Only four heats of the Jaws Challenge were held yesterday, and a total of four waves completed, by my count. Nevertheless it was one of the more compelling and momentous days in the history of competitive surfing.
A champion was crowned, though unusually she was responsible for none of the completed rides. Keala Kennelly, surfing on her backhand, won the women’s division through sheer willpower, taking off on more waves, in more critical positions, than any other member of the 12-strong field.
She fell on every one of them, but without seeming to make any obvious mistakes, and each time coming back for more. You’d watch the replay and wonder what she could have done differently, then wonder how she could withstand so much punishment. Towards the end of the heat she was surfing with no leash and no canisters left. It was heroic.
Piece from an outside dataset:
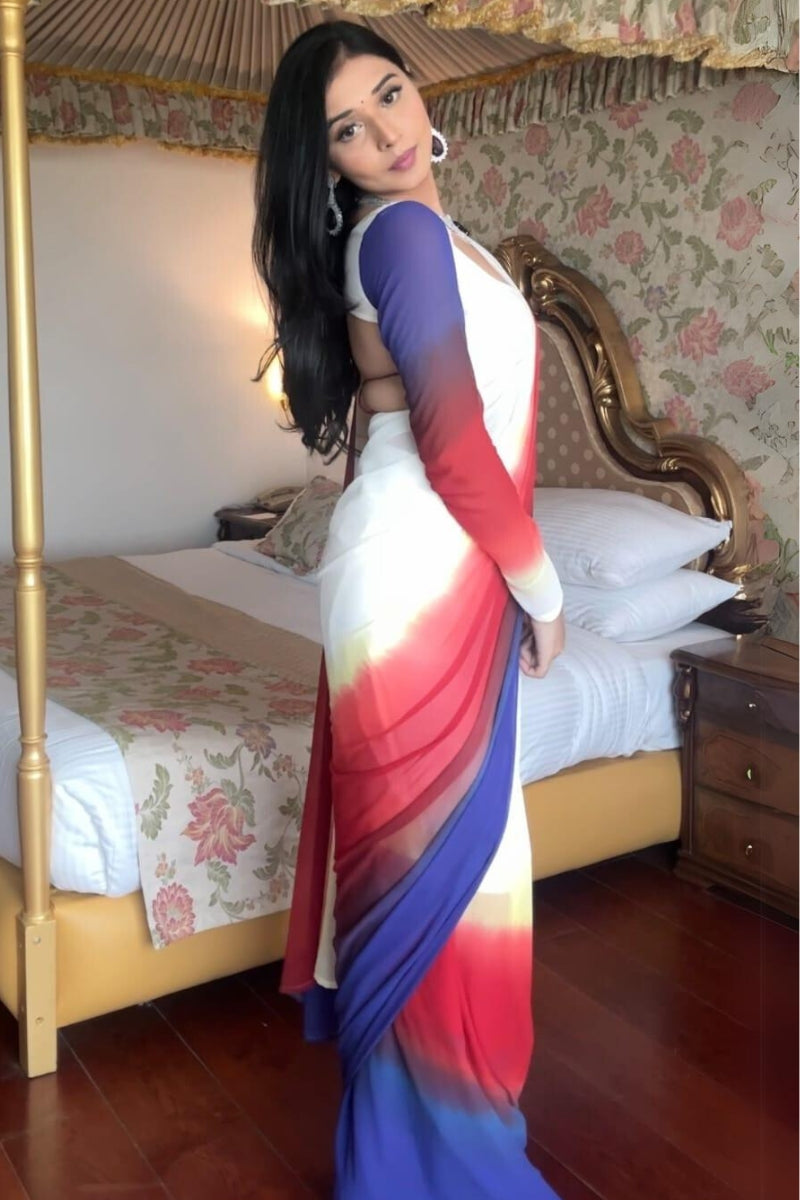 Unique One Minute Ready To Wear Multicolor Georgette Saree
“I’ve never seen women take this kind of relentless beating,” said Dave Kalama, who was a welcome and entertaining presence in the commentary booth, mercifully breaking up the homoerotic awkwardness of the Kaipo Guerrero-Pete Mel dynamic.
The swell pulsed and the wind picked up as the men got in. That first heat was one of the most fucked-up things I’ve ever seen. I won’t even try and describe.
“Surely the human body cannot withstand this,” I wrote down at some point near the end of the heat, just after Russell Bierke did a cartwheel down a face that Kalama reckoned was in the 60-foot range.
The commissioner Mike Parsons was thinking the same thing. A time-out was called at the end of Heat 1; all of a sudden you felt a bit like an adult actress screaming “Don’t stop! Please don’t stop” in nasal Californian tones. The discussions lasted about half an hour.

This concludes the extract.